* _EXERCISE PROMPT_: Beginning with the line that holds "Posada Aleeny Providencia" and finishing with the line that holds "Folienballon Chase Mighty", repeat the listing exactly, leaving every picture out.

* _DATASET EXCERPTS_:
··········

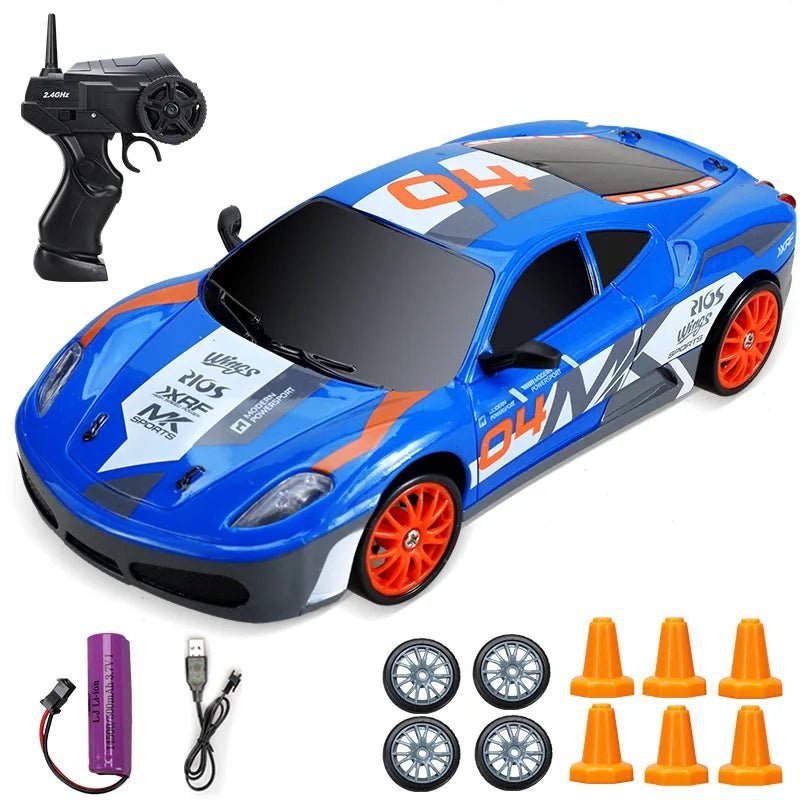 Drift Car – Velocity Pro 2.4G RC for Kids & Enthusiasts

··········

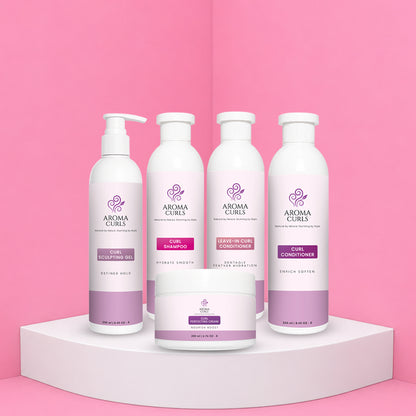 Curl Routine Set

··········

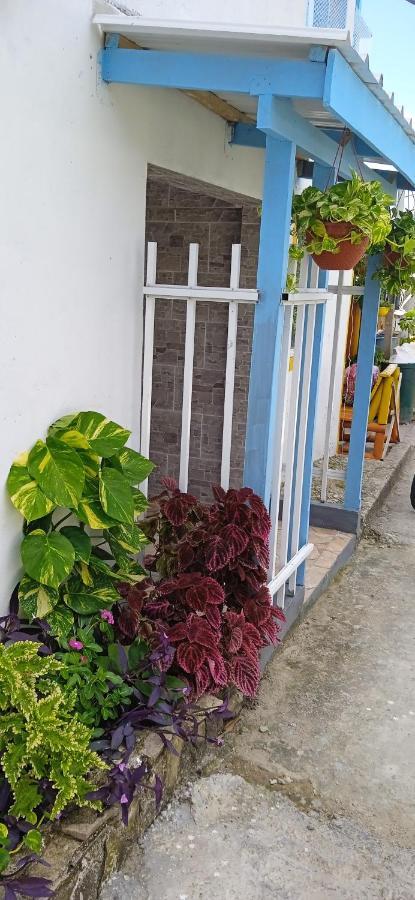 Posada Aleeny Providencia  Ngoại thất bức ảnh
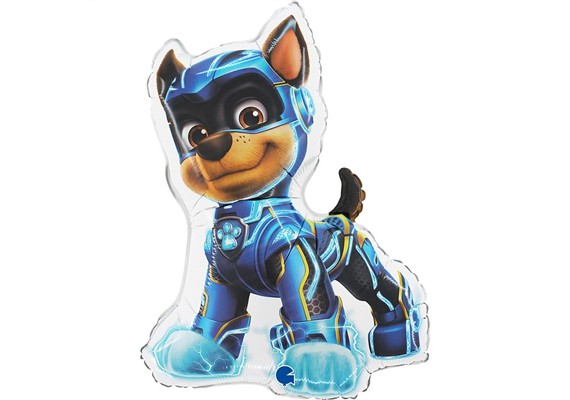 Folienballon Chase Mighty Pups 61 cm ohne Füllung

··········

* _SOLUTION BELOW_:
 Posada Aleeny Providencia  Ngoại thất bức ảnh
 Folienballon Chase Mighty Pups 61 cm ohne Füllung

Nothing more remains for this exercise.